ERRORS OF THE GREGORIAN CALENDAR.

By reference to the preceding chapter it will be seen that there is an error of 37.3 minutes in every 100 years not corrected by the Gregorian calendar; this amounts to only .373 of a minute a year, or one day in 3,861 years, and one day and fifty-two minutes in 4,000 years.

RULE.

To find how long it would take to gain one day: Divide the number of minutes in a day by the decimal .373, that being the fraction of a minute gained every year. To find how much time would be gained in 4,000 years, multiply the decimal .373 by 4,000, and you will have the answer in minutes, which must be reduced to hours.

SOLUTION.

(24 × 60) ÷ .373 = 3,861, nearly; hence the error would amount to only one day in 3,861 years.

(.373 × 4,000) ÷ 60 = (24 h, 52 m,) = (1 d, 0 h, 52 m), the error in 4,000 years.

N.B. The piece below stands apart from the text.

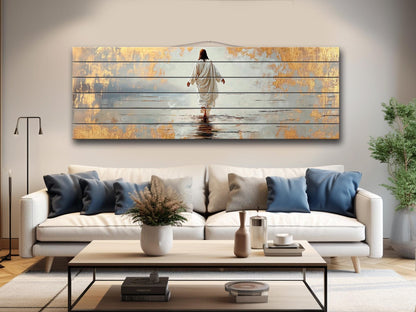 Jesus Walking on Water | Biblical Wall Art - Christian Wood Print Decor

This trifling error in the Gregorian calendar may be corrected by suppressing the intercalations in the year 4,000, and its multiples, 8,000, 12,000, 16,000, etc., so that it will not amount to a day in 100,000 years.

RULE.

Divide 100,000 by 4,000 and you will have the number of intercalations suppressed in 100,000 years. Multiply 1 d, 52 m, (that being the error in 4,000 years) by this quotient, and you will have the discrepancy between the Gregorian and solar year for 100,000 years. By this improved method we suppress 25 days, so that the error will only amount to 25 times 52 minutes.

SOLUTION.

100,000 ÷ 4,000 × (1 d, 52 m,) = (25d, 21 h, 40 m.) Now, (25d, 21 h, 40 m,) - 25 d = (21 h, 40 m,) the error in 100,000.